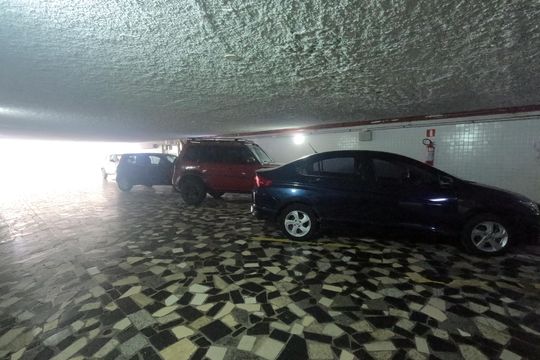 Área Comum - Garagem de apartamento para alugar com 1 quarto, 102m² em Gonzaga, Santos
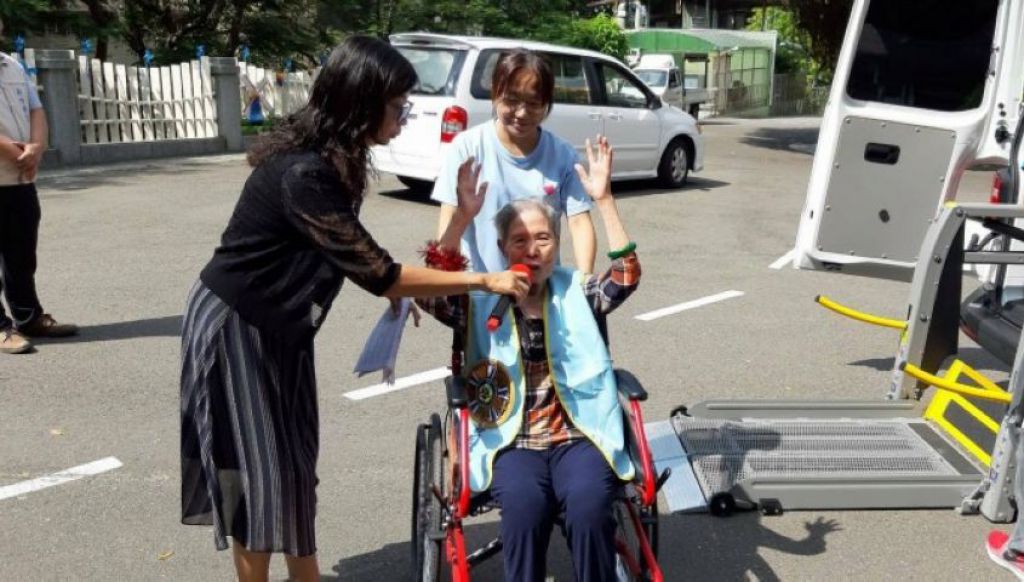 再現大愛！新竹榮民之家已故員工子女毛奕捷再捐價值165萬元的高頂式復康巴士給新竹榮家，讓榮民伯伯就醫復健更安全方便.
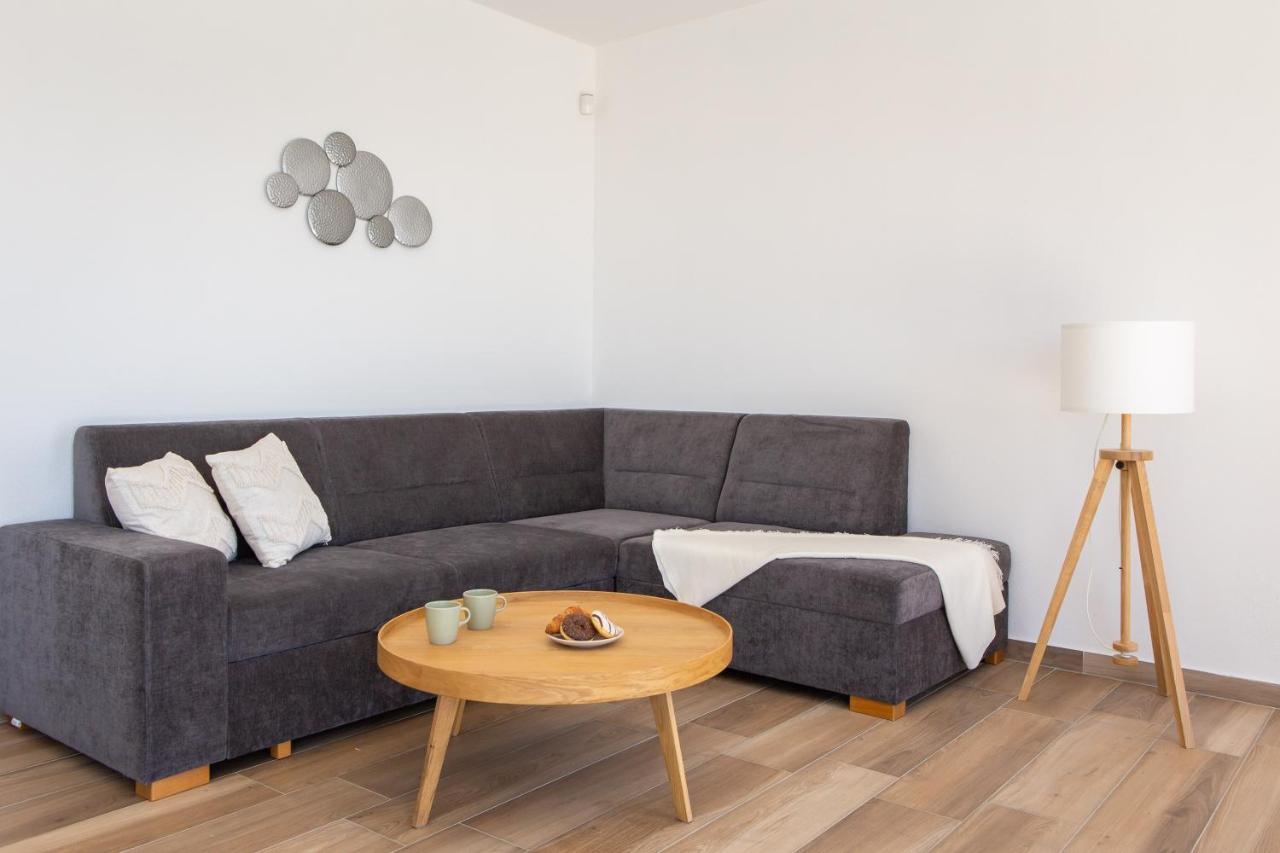 Sun Resort Apartments Zečevo エクステリア 写真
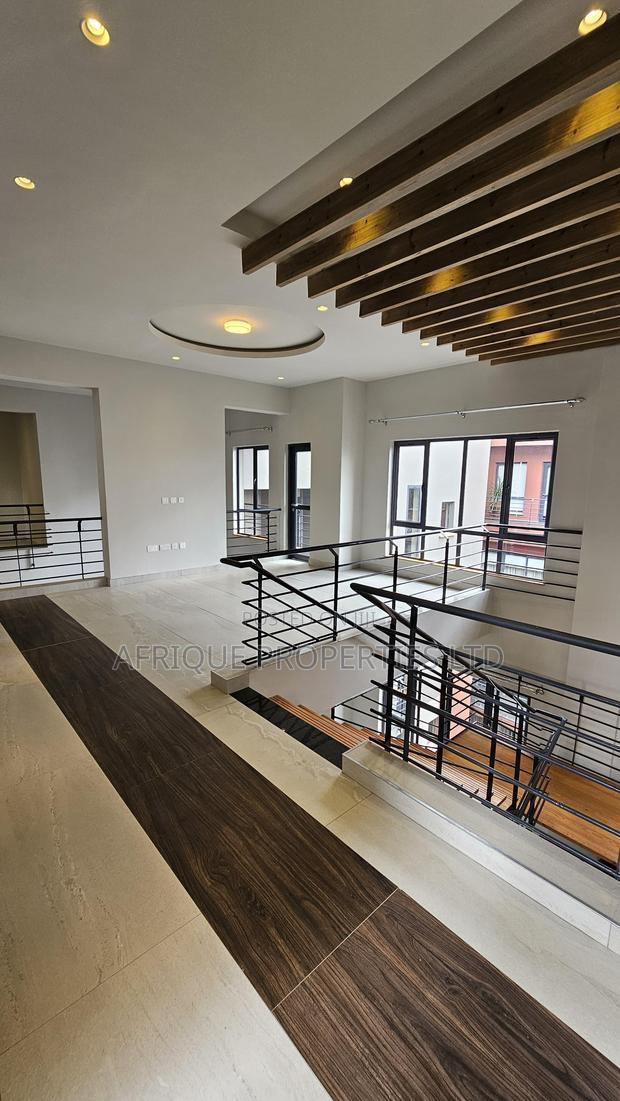 4bdrm Penthouse in Kileleshwa for sale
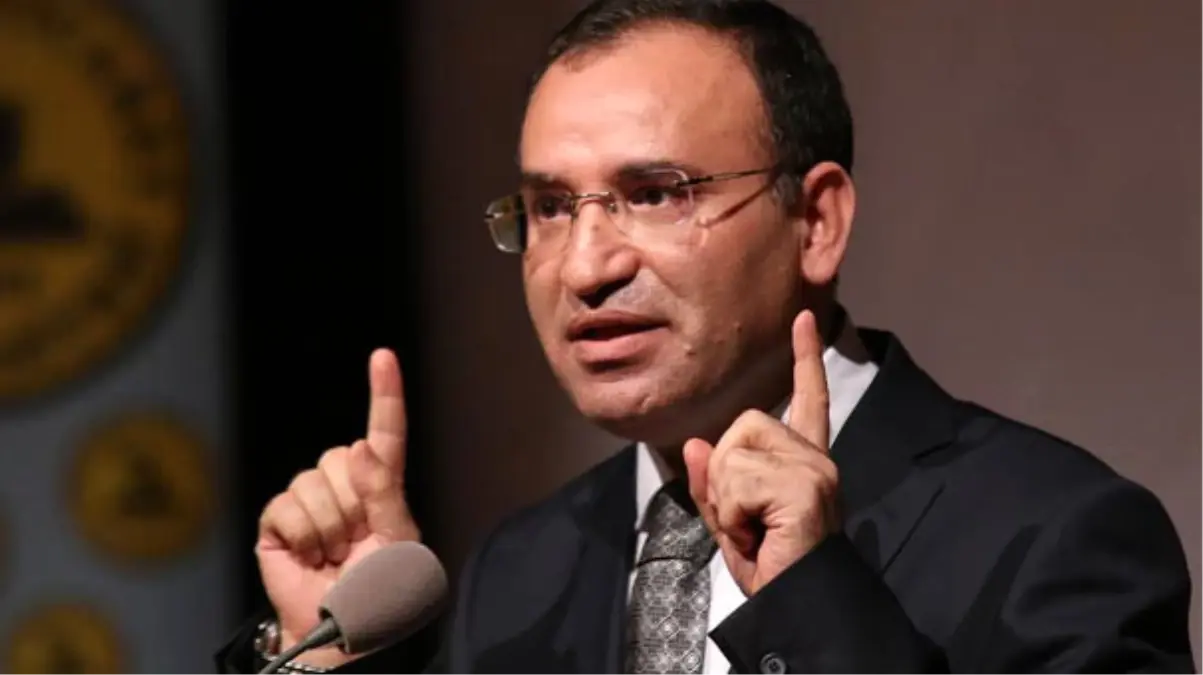 Adalet Bakanı Bozdağ\'dan "Cumhurbaşkanlığı Hükümet Sistemi" Yorumu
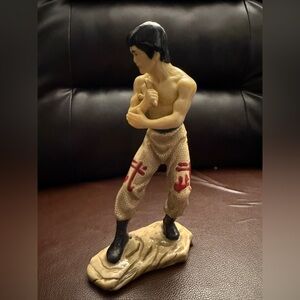 Vintage Bruce Lee Shiwan Ceramic Figurine Statue Collectible Martial Arts Decor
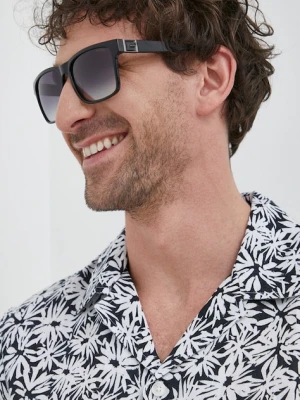 Guess okulary przeciwsłoneczne męskie kolor czarny GU00004_5801Q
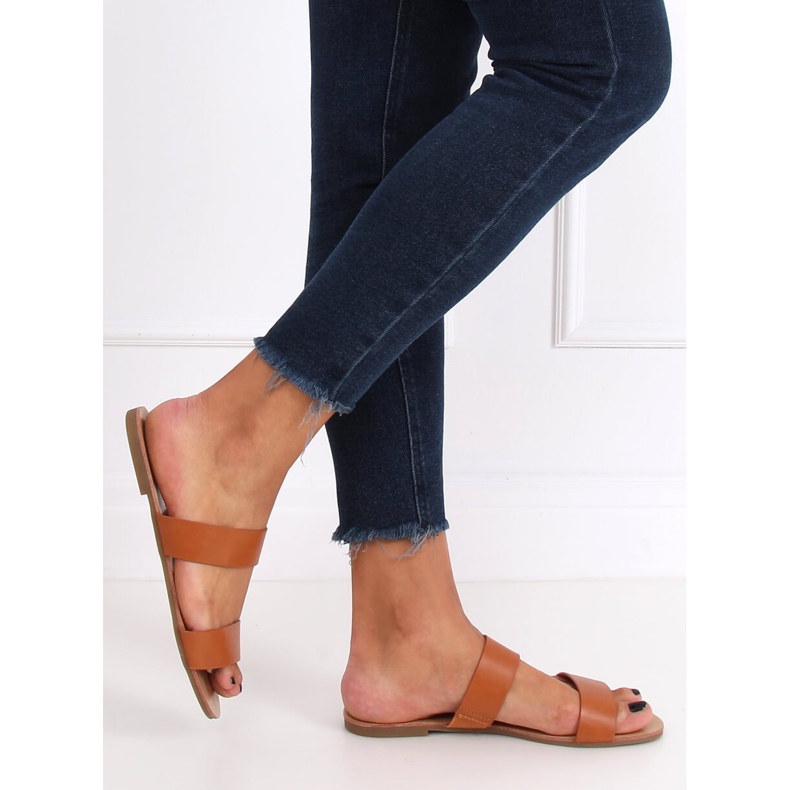 Pantuflas simples camel S060074 Camel marrón 1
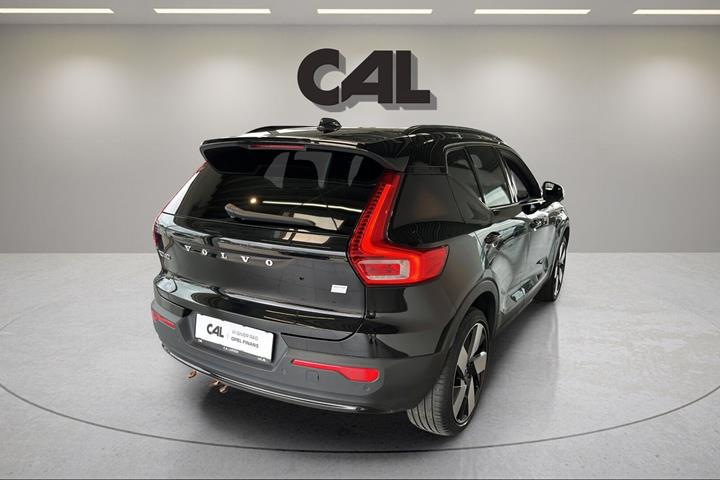Sort Volvo XC40 fra 2023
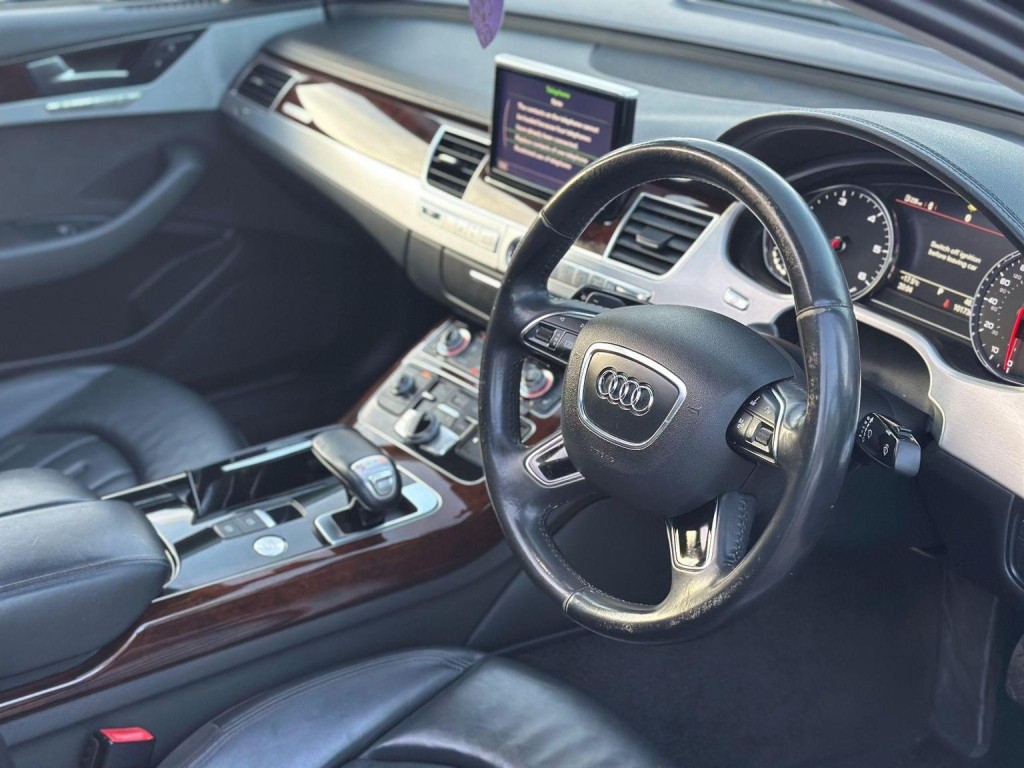 AUDI A8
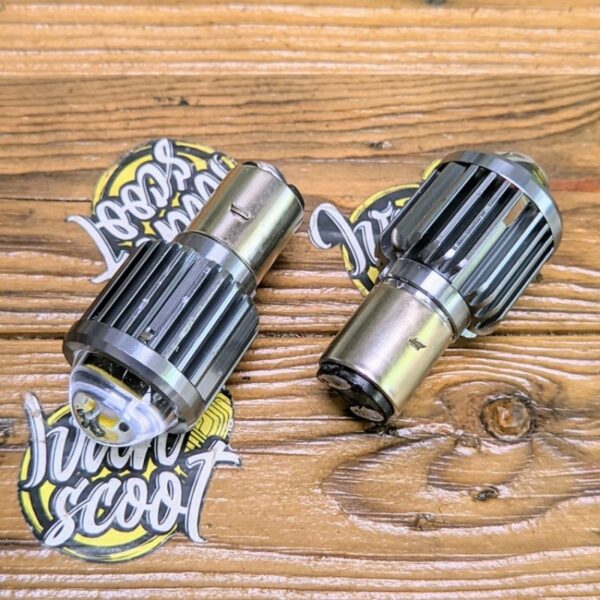 Putih VESPA หลอดไฟหน้า LED หลัก VESPA สีขาว สีเหลือง AC/DC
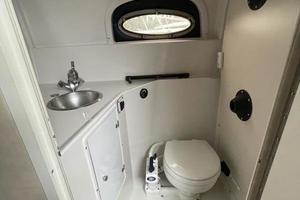 INVICTUS II 25ft Four Winns Yacht For Sale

Aim of the exercise - Output exactly the lines from the line with "Sun Resort Apartments Zečevo エクステリア 写真" to the last line of the records, including both, and leave every picture out.

Reply -
 Sun Resort Apartments Zečevo エクステリア 写真
 4bdrm Penthouse in Kileleshwa for sale
 Adalet Bakanı Bozdağ\'dan "Cumhurbaşkanlığı Hükümet Sistemi" Yorumu
 Vintage Bruce Lee Shiwan Ceramic Figurine Statue Collectible Martial Arts Decor
 Guess okulary przeciwsłoneczne męskie kolor czarny GU00004_5801Q
 Pantuflas simples camel S060074 Camel marrón 1
Sort Volvo XC40 fra 2023
 AUDI A8
 Putih VESPA หลอดไฟหน้า LED หลัก VESPA สีขาว สีเหลือง AC/DC
 INVICTUS II 25ft Four Winns Yacht For Sale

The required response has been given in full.